Transcribe the data. Leave out nothing.
========================
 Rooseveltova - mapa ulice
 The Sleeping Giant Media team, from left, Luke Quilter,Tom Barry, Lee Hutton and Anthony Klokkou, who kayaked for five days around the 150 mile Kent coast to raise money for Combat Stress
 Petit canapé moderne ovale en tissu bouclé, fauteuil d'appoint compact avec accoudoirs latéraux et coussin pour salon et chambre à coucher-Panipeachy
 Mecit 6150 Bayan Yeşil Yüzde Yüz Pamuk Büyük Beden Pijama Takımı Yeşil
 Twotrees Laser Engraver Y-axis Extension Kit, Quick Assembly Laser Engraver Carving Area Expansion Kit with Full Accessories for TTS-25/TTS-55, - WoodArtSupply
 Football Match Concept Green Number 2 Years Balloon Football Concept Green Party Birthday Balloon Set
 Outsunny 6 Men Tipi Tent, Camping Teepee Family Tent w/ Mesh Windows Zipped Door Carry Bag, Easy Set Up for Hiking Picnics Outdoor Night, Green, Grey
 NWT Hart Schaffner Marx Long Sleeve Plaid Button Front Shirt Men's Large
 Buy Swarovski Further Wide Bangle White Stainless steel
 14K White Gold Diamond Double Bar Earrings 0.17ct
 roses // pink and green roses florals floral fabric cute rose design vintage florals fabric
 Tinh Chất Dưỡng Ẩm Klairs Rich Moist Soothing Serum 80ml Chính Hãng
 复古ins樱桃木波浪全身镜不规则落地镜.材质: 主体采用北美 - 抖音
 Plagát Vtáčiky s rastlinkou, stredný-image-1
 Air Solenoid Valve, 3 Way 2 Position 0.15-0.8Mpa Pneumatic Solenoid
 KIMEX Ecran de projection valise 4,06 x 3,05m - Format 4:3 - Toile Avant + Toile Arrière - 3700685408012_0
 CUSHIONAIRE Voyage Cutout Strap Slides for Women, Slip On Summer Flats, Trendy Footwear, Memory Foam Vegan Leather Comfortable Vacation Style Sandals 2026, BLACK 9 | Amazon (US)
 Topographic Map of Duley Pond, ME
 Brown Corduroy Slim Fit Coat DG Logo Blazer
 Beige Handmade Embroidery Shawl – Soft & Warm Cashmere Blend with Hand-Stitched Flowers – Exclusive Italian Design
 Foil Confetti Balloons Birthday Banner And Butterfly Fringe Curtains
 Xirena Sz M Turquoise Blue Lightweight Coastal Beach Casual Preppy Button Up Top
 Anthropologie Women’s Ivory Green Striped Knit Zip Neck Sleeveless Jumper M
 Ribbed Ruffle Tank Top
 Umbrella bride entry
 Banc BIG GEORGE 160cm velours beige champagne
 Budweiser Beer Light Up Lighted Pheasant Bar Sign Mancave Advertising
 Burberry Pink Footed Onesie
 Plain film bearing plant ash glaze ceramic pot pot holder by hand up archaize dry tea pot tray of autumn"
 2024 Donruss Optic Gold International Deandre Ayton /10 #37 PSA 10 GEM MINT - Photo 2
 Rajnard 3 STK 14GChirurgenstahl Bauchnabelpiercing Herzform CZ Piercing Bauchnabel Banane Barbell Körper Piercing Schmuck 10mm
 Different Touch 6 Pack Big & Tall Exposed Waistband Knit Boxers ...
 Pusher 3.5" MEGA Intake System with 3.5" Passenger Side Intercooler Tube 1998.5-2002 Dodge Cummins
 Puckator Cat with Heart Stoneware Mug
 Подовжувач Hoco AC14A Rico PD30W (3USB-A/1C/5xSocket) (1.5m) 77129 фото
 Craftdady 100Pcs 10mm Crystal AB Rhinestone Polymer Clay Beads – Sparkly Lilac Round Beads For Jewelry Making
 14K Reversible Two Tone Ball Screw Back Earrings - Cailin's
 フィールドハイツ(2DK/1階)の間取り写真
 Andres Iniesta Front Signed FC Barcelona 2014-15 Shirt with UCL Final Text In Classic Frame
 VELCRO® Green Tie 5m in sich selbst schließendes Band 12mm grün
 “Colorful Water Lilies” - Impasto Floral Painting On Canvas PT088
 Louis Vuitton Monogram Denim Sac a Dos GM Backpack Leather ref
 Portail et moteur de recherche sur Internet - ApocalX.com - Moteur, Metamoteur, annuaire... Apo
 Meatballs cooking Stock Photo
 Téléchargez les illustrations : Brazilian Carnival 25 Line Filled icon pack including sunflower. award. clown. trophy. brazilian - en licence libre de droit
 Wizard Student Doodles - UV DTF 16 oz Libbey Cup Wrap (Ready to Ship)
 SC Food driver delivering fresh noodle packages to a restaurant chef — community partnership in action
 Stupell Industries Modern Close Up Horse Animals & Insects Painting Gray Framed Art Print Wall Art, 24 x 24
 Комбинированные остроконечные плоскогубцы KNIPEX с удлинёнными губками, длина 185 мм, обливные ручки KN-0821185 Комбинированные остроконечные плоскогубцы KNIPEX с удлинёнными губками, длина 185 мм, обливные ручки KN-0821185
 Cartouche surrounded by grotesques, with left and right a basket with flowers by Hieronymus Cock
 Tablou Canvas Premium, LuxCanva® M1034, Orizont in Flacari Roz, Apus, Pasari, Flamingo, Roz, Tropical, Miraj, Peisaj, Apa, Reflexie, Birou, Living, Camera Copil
========================
Answer to the problem →
 Rooseveltova - mapa ulice
 The Sleeping Giant Media team, from left, Luke Quilter,Tom Barry, Lee Hutton and Anthony Klokkou, who kayaked for five days around the 150 mile Kent coast to raise money for Combat Stress
 Petit canapé moderne ovale en tissu bouclé, fauteuil d'appoint compact avec accoudoirs latéraux et coussin pour salon et chambre à coucher-Panipeachy
 Mecit 6150 Bayan Yeşil Yüzde Yüz Pamuk Büyük Beden Pijama Takımı Yeşil
 Twotrees Laser Engraver Y-axis Extension Kit, Quick Assembly Laser Engraver Carving Area Expansion Kit with Full Accessories for TTS-25/TTS-55, - WoodArtSupply
 Football Match Concept Green Number 2 Years Balloon Football Concept Green Party Birthday Balloon Set
 Outsunny 6 Men Tipi Tent, Camping Teepee Family Tent w/ Mesh Windows Zipped Door Carry Bag, Easy Set Up for Hiking Picnics Outdoor Night, Green, Grey
 NWT Hart Schaffner Marx Long Sleeve Plaid Button Front Shirt Men's Large
 Buy Swarovski Further Wide Bangle White Stainless steel
 14K White Gold Diamond Double Bar Earrings 0.17ct
 roses // pink and green roses florals floral fabric cute rose design vintage florals fabric
 Tinh Chất Dưỡng Ẩm Klairs Rich Moist Soothing Serum 80ml Chính Hãng
 复古ins樱桃木波浪全身镜不规则落地镜.材质: 主体采用北美 - 抖音
 Plagát Vtáčiky s rastlinkou, stredný-image-1
 Air Solenoid Valve, 3 Way 2 Position 0.15-0.8Mpa Pneumatic Solenoid
 KIMEX Ecran de projection valise 4,06 x 3,05m - Format 4:3 - Toile Avant + Toile Arrière - 3700685408012_0
 CUSHIONAIRE Voyage Cutout Strap Slides for Women, Slip On Summer Flats, Trendy Footwear, Memory Foam Vegan Leather Comfortable Vacation Style Sandals 2026, BLACK 9 | Amazon (US)
 Topographic Map of Duley Pond, ME
 Brown Corduroy Slim Fit Coat DG Logo Blazer
 Beige Handmade Embroidery Shawl – Soft & Warm Cashmere Blend with Hand-Stitched Flowers – Exclusive Italian Design
 Foil Confetti Balloons Birthday Banner And Butterfly Fringe Curtains
 Xirena Sz M Turquoise Blue Lightweight Coastal Beach Casual Preppy Button Up Top
 Anthropologie Women’s Ivory Green Striped Knit Zip Neck Sleeveless Jumper M
 Ribbed Ruffle Tank Top
 Umbrella bride entry
 Banc BIG GEORGE 160cm velours beige champagne
 Budweiser Beer Light Up Lighted Pheasant Bar Sign Mancave Advertising
 Burberry Pink Footed Onesie
 Plain film bearing plant ash glaze ceramic pot pot holder by hand up archaize dry tea pot tray of autumn"
 2024 Donruss Optic Gold International Deandre Ayton /10 #37 PSA 10 GEM MINT - Photo 2
 Rajnard 3 STK 14GChirurgenstahl Bauchnabelpiercing Herzform CZ Piercing Bauchnabel Banane Barbell Körper Piercing Schmuck 10mm
 Different Touch 6 Pack Big & Tall Exposed Waistband Knit Boxers ...
 Pusher 3.5" MEGA Intake System with 3.5" Passenger Side Intercooler Tube 1998.5-2002 Dodge Cummins
 Puckator Cat with Heart Stoneware Mug
 Подовжувач Hoco AC14A Rico PD30W (3USB-A/1C/5xSocket) (1.5m) 77129 фото
 Craftdady 100Pcs 10mm Crystal AB Rhinestone Polymer Clay Beads – Sparkly Lilac Round Beads For Jewelry Making
 14K Reversible Two Tone Ball Screw Back Earrings - Cailin's
 フィールドハイツ(2DK/1階)の間取り写真
 Andres Iniesta Front Signed FC Barcelona 2014-15 Shirt with UCL Final Text In Classic Frame
 VELCRO® Green Tie 5m in sich selbst schließendes Band 12mm grün
 “Colorful Water Lilies” - Impasto Floral Painting On Canvas PT088
 Louis Vuitton Monogram Denim Sac a Dos GM Backpack Leather ref
 Portail et moteur de recherche sur Internet - ApocalX.com - Moteur, Metamoteur, annuaire... Apo
 Meatballs cooking Stock Photo
 Téléchargez les illustrations : Brazilian Carnival 25 Line Filled icon pack including sunflower. award. clown. trophy. brazilian - en licence libre de droit
 Wizard Student Doodles - UV DTF 16 oz Libbey Cup Wrap (Ready to Ship)
 SC Food driver delivering fresh noodle packages to a restaurant chef — community partnership in action
 Stupell Industries Modern Close Up Horse Animals & Insects Painting Gray Framed Art Print Wall Art, 24 x 24
 Комбинированные остроконечные плоскогубцы KNIPEX с удлинёнными губками, длина 185 мм, обливные ручки KN-0821185 Комбинированные остроконечные плоскогубцы KNIPEX с удлинёнными губками, длина 185 мм, обливные ручки KN-0821185
 Cartouche surrounded by grotesques, with left and right a basket with flowers by Hieronymus Cock
 Tablou Canvas Premium, LuxCanva® M1034, Orizont in Flacari Roz, Apus, Pasari, Flamingo, Roz, Tropical, Miraj, Peisaj, Apa, Reflexie, Birou, Living, Camera Copil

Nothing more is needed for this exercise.